I miss the arcade, the “real” movie theater where I could see the only black and white movies I ever could see on a “real” movie screen (even if it was a little smaller) and not just on TV or on a big screen TV in the hot dog shop. I miss different shops that don't all connect and don't all sell varying sizes of Mickeys and Poohs. I want them back for me, for my wife and for our future family…so that we can feel that we are discovering something new and having an exciting experience in each shop along the way. It is the same reason our first stop is the "old timey" main street section of the Museum of Science and Industry in Chicago. I may not remember the days it represents first hand myself, but I sure do remember my grandma's fond recollections of her first hand memories and the hours I have spent in my life intently listening to her stories about it.
Fond memories of the past take many forms. Future memories likely won't include buying that same Mickey doll at the shop on Main Street that looked just like the Disney Store shop in the mall. It just isn't the same.
Bring back the beauty, joy and…dare I say it…magic of Main Street. It won’t take much.

Oh, and "you can't top pigs with pigs." I can't say that enough. Does anyone even remember what that means anymore? Enough with the sequels…whether in the form of the horrible straight to DVD movies or in the repetition of shops along Main Street. What Would Walt Do indeed…

Anonymous said...

We took our first trip to Disneyland in 1963 across route 66 in a Pontiac with no air conditioning. At age 6 I was breathless with anticipation. Sunday night was the best night of the week with Wonderful World on TV. During my college years I forgot about my love of Disney. Then one day I walked into a Disney store and all my cares went away. I was back in that car straining to be the first one to spot the Matterhorn. I have since invested heavily in the Disney brand and spent $$$$$$$$$ taking my family to the Florida parks, buying merchandise, etc. But I can't find "my Disney" much any more. I turn on the Disney Channel and I can't find it at all. I'm only 50, I'm paying all the bills for hotels, dining, movies, and merchandise... not my kids. I would like to see some of my Disney again. The only place I have seen it recently is at "One Man's Dream" at MGM. I can't believe Disney thinks I'm a museum piece. The company really has not been the same since Walt's death, and I fear it never will be... but I keep hoping cause I absolutely love it.

IrishOutsider said...

Stabbing in the dark here, but how can I email some of the imagineerebirth authors? I dont think Ive stopped reading the site since I found the link, and I'm almost running out of posts! I would love to talk with the writers and maybe prove I can contribute.

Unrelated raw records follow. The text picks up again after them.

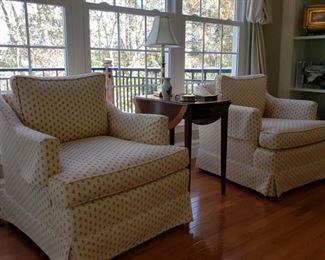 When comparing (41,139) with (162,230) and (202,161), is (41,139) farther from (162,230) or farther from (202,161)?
(202,161)

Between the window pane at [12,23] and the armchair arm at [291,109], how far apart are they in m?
2.15

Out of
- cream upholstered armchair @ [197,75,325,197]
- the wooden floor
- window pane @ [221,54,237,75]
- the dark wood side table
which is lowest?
the wooden floor

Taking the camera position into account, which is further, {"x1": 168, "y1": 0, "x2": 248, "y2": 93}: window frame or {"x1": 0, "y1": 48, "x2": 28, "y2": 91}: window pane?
{"x1": 168, "y1": 0, "x2": 248, "y2": 93}: window frame

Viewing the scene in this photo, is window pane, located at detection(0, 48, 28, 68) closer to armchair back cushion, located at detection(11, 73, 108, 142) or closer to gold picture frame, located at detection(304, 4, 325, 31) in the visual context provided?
armchair back cushion, located at detection(11, 73, 108, 142)

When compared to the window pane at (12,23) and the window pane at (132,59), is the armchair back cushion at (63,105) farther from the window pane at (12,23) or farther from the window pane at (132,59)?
the window pane at (132,59)

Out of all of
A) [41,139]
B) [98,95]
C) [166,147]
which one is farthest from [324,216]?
[41,139]

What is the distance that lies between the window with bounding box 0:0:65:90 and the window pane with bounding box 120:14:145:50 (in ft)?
1.77

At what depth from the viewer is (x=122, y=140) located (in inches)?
80.6

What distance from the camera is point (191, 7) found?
129 inches

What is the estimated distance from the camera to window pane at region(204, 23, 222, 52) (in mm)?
3447

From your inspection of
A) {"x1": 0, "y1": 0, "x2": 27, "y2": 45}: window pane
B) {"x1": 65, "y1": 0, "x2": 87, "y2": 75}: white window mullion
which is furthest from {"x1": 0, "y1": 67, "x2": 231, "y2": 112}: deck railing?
{"x1": 0, "y1": 0, "x2": 27, "y2": 45}: window pane

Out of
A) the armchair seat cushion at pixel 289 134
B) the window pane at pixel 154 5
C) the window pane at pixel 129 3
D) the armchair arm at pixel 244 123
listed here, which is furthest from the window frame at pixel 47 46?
the armchair seat cushion at pixel 289 134

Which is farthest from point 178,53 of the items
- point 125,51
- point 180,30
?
point 125,51

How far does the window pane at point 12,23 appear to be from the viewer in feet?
7.54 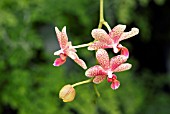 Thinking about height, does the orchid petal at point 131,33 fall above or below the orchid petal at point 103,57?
above

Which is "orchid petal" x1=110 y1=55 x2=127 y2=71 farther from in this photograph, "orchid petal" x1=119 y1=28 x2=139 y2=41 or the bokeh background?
the bokeh background

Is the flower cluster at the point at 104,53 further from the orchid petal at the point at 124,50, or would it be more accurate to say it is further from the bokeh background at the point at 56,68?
the bokeh background at the point at 56,68

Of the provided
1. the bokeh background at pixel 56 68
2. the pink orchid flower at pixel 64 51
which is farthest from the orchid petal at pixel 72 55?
the bokeh background at pixel 56 68

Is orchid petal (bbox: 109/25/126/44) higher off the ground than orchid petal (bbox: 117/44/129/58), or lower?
higher

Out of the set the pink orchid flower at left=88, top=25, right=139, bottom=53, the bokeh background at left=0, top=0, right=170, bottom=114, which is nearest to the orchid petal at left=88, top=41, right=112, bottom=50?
the pink orchid flower at left=88, top=25, right=139, bottom=53

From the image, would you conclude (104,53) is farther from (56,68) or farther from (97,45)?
(56,68)

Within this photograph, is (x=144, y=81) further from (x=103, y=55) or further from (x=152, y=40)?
(x=103, y=55)

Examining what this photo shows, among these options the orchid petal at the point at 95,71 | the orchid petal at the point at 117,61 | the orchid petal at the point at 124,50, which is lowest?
the orchid petal at the point at 95,71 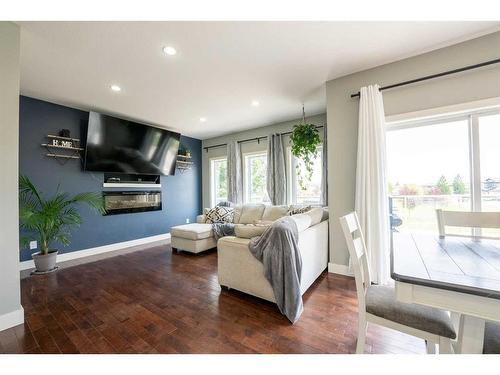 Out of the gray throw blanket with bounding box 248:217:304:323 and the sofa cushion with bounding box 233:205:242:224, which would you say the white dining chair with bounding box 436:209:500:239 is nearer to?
the gray throw blanket with bounding box 248:217:304:323

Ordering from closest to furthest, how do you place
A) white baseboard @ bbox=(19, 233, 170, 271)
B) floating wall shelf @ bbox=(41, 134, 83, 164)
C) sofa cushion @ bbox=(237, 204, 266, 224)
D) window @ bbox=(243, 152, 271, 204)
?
white baseboard @ bbox=(19, 233, 170, 271)
floating wall shelf @ bbox=(41, 134, 83, 164)
sofa cushion @ bbox=(237, 204, 266, 224)
window @ bbox=(243, 152, 271, 204)

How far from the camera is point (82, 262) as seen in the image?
3.34m

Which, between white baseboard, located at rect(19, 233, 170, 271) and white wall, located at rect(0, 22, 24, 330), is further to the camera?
white baseboard, located at rect(19, 233, 170, 271)

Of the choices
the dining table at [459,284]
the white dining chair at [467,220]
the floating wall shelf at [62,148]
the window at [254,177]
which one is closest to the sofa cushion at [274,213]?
the window at [254,177]

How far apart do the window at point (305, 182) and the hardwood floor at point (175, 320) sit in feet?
5.73

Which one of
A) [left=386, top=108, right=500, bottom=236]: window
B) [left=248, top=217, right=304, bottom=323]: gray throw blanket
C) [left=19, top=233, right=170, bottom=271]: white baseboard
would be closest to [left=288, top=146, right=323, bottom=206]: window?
[left=386, top=108, right=500, bottom=236]: window

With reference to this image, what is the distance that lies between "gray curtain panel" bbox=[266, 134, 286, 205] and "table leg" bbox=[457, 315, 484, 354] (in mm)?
3493

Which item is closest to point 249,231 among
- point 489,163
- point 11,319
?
point 11,319

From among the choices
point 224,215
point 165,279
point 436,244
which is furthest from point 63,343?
point 224,215

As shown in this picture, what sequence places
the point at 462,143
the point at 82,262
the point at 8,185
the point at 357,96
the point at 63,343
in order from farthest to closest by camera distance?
the point at 82,262, the point at 357,96, the point at 462,143, the point at 8,185, the point at 63,343

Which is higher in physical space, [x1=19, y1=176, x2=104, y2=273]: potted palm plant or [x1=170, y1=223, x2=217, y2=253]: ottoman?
[x1=19, y1=176, x2=104, y2=273]: potted palm plant

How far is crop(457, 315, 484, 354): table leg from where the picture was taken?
83cm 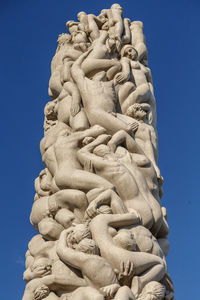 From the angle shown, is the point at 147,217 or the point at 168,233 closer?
the point at 147,217

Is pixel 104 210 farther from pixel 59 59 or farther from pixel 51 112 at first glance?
pixel 59 59

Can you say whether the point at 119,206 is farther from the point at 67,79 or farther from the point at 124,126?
the point at 67,79

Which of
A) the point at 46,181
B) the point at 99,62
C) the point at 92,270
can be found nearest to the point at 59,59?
the point at 99,62

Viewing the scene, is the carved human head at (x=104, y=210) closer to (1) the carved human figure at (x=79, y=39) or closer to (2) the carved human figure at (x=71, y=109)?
(2) the carved human figure at (x=71, y=109)

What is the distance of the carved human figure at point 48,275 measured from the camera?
4.62 metres

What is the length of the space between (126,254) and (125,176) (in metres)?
1.12

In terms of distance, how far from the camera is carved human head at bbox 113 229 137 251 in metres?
4.66

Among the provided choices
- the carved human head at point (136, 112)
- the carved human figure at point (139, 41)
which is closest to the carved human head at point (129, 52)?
the carved human figure at point (139, 41)

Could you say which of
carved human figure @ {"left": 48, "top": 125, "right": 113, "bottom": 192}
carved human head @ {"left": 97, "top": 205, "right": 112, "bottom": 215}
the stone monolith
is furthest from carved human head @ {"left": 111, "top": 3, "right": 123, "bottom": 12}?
carved human head @ {"left": 97, "top": 205, "right": 112, "bottom": 215}

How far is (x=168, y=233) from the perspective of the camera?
582 centimetres

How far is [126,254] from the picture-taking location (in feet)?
14.9

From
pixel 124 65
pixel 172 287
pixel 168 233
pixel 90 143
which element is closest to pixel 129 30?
pixel 124 65

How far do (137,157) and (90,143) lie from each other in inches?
26.5

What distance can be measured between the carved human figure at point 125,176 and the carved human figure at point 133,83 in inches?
52.2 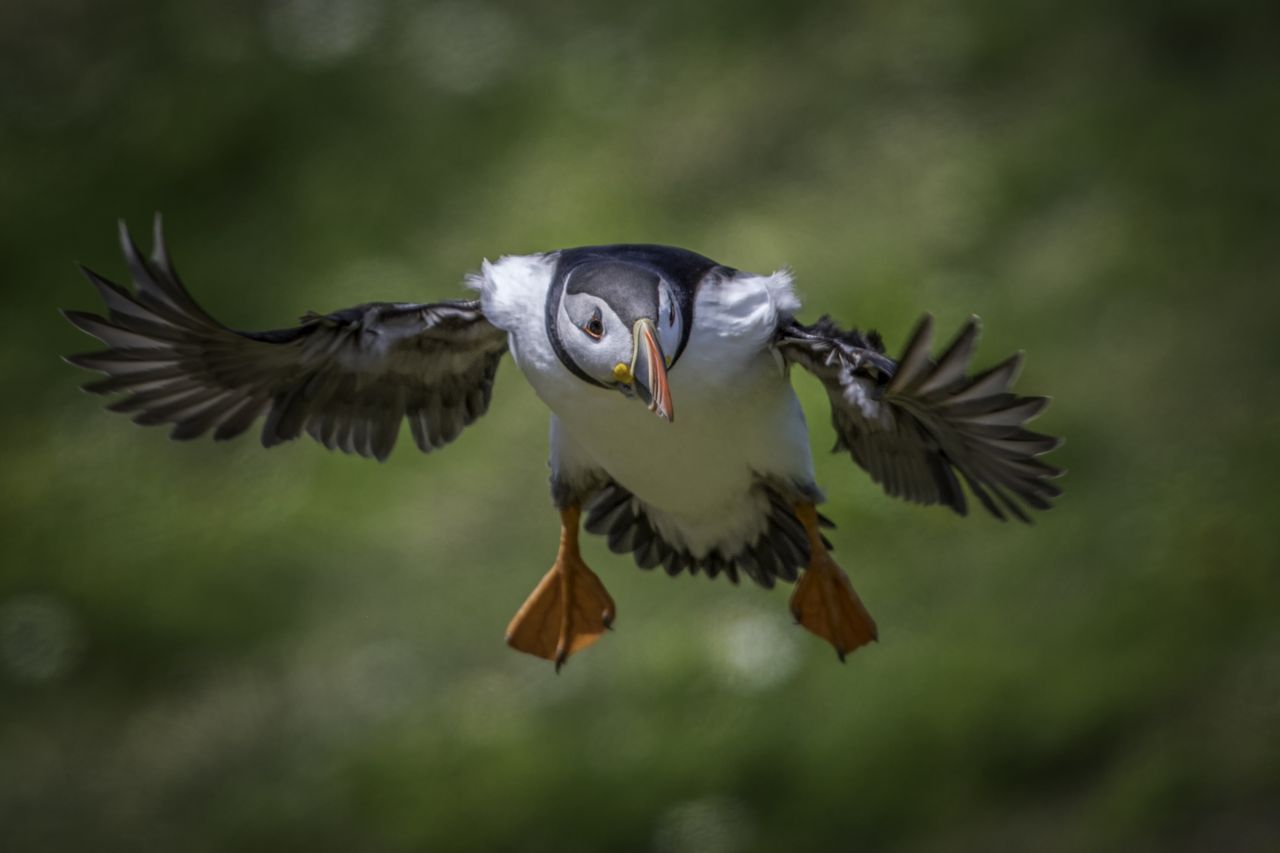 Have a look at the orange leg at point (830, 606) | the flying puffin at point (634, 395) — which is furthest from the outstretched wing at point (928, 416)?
the orange leg at point (830, 606)

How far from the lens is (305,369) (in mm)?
5066

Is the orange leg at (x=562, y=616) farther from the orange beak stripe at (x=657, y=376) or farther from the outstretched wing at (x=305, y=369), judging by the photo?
the orange beak stripe at (x=657, y=376)

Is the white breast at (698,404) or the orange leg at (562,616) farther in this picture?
the orange leg at (562,616)

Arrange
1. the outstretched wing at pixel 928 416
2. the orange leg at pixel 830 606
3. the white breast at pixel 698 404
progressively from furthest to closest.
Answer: the orange leg at pixel 830 606 < the white breast at pixel 698 404 < the outstretched wing at pixel 928 416

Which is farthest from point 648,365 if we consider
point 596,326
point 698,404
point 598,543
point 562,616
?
point 598,543

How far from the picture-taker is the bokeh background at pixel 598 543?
790 cm

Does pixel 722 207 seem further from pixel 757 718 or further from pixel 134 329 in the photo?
pixel 134 329

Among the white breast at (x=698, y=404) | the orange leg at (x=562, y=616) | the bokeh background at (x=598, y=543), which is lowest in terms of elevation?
the orange leg at (x=562, y=616)

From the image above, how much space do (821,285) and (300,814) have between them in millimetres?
3756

I dont want to ramble too much on a comment string about how I feel, but I've always felt a connection to imagineering. I've wanted to be an imagineer for as long as I can remember. I've been breaking down attractions and themeing since I was a 5 year old know-it-all. This site has hit me like a thunderbolt.

my email is fotopnd -at- gmail

Anonymous said...

"So they actually have guests walking backstage from behind the Plaza restaurant , along the backside of Main Street east in the parking lot, and return on-stage by Tony's in Town Square. If you're lucky, they put some evergreens in rolling carts, "Glow" salespeople, and P/A speakers blaring the Main Street background music so you might think you're still in the park."

The official WDW term for this is a "blow off". And no, I'm not kidding.